Yes. But I thought the association of "pie" with "pan" was a nice touch.
> BTW, I recently read a piece which suggested that Indo-European be renamed
> Indo-Anatolic, on the grounds that it's basically made up of two branches -
This "Indo-Hittite hypothesis" has been around a long time, possibly as
far back as the discovery that Hittite was IE-related.
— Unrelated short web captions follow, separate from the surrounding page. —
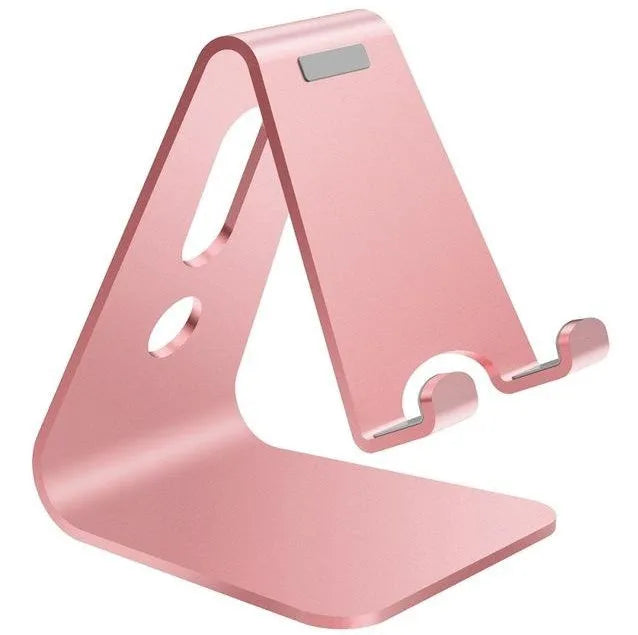 Aluminium Universal Phone Buddy stand holding a mobile phone, shown in silver finish.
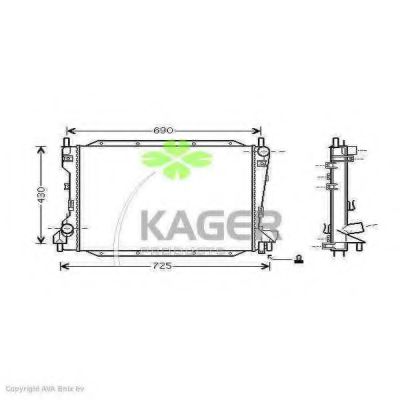 Радиатор, охлаждение двигателя KAGER 313100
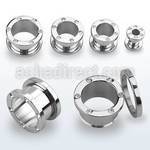 fsjpg polished 316l steel screw fit tunnel with front crystals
I thought it more
or less died out in the 1940s, and I haven't heard of any new evidence.
I've always wondered what it was like to be Hrozny, staring at a cuneiform
text, seeing "nu BREAD-an ezzateni, watar-ma ekuteni" (where "BREAD" is a
known Sumerian ideograph) and suddenly intuiting that it meant something
like "now eat bread and drink water", not only IE but almost Germanic!
> What I find myself
> wondering, however, is why the "Indo-" bit of IE was chosen for "Indo-
> European" - there being rather more European than Indian branches of IE,
We call the Indic languages a single branch by convention, but there are
more (living) languages in it (296, by the Ethnologue's count) than in all the
other branches put together (only 147).
Traditionally the German name for IE was Indogermanisch, although from a
purely geographical standpoint Indokeltisch would have been more like it.
> "Euro-
> Anatolic" or similar would seem to be a more logical label, wouldn't it?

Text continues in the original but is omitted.